Do an overall physical exam
Do a pelvic exam- for signs of infection, condition of pelvic organs
Take a sample of discharge from your vagina to look for bacteria
Test your vaginal pH. A vaginal pH of 4.5 or higher is associated with bacterial vaginosis.
Often it remains asymptomatic, but women with signs and symptoms should take treatment to avoid complications.
Often antibiotics (metronidazole, clindamycin, tinidazole) are required to treat BV. This could be a tablet or a cream or gel you put into your vagina. Most females need to take treatments for 5 to 7 days. Finish full course of medicines, even if the symptoms go away. Incomplete medications course can lead to recurrence.
Since BV can be spread through sex, so it is advisable to avoid sexual contact till treatment is finished. Female sexual partners should see their doctor to find out if they need treatment.
IUDs users with BV can opt for other forms of contraception.
To treat bacterial vaginosis, following medicaions can be prescribed:
Metronidazole- This is given as oral forms mostly. Metronidazole is also be given as a topical gel to insert into the vagina. It is the most commonly used antibiotic. It is preferred over other antibiotics if the woman is breastfeeding or pregnant.
Clindamycin -This medicine is available as a cream that you insert into your vagina. Clindamycin creams are known to weaken latex condoms- so take adequate precautions for atleast 3 days after stopping the treatment.
Tinidazole-This medication is taken orally. Tinidazole reacts with alcohol, so avoid alcohol during treatment and for at least three days after completing treatment.
Secnidazole -This is an antibiotic you take orally in one dose.
Generally it is not necessary to treat an infected woman’s male sexual partner, but it can spread among female sexual partners, so female partners should be tested and treated accordingly.
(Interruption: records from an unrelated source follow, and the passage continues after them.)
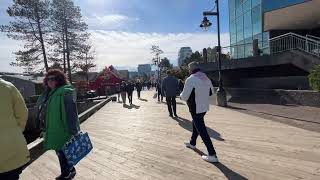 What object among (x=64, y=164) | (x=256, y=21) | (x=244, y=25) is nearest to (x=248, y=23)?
(x=244, y=25)

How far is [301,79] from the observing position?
25.2 meters

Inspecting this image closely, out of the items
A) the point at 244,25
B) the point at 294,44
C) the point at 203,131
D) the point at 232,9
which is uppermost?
the point at 232,9

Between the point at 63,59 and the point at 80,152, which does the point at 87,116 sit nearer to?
the point at 80,152

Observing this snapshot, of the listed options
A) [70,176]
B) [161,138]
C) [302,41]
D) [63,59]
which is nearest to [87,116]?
[161,138]

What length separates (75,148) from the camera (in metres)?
5.54

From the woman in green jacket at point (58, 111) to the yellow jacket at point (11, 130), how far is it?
1443 millimetres

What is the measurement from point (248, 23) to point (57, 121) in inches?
1134

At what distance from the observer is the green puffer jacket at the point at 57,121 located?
5488mm

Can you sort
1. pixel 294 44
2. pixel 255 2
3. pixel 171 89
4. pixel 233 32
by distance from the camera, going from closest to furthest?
pixel 171 89 < pixel 294 44 < pixel 255 2 < pixel 233 32

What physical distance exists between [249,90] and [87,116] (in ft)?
30.6

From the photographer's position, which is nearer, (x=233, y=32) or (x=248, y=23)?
(x=248, y=23)

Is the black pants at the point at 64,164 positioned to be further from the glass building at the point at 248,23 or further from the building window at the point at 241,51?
the building window at the point at 241,51

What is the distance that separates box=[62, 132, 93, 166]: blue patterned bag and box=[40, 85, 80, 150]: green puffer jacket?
0.35 feet

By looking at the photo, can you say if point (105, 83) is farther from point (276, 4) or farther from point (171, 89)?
point (171, 89) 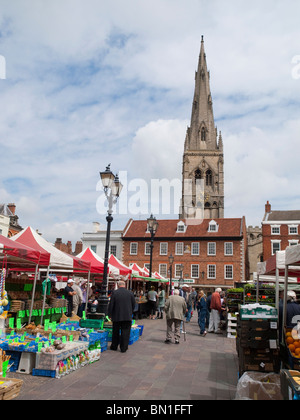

It’s especially important for pregnant women with symptoms to be treated to decrease the risk of premature labour.
Around one-third of women whose symptoms disappear with treatment will have a recurrence within 3 months, and half will have a recurrence within 6 months.
If more than three episodes occur within 12 months, the doctor may prescribe a vaginal metronidazole gel to use twice a week for 3 to 6 months.
While current research shows there may be some benefit to probiotic therapy, more research is needed on the subject.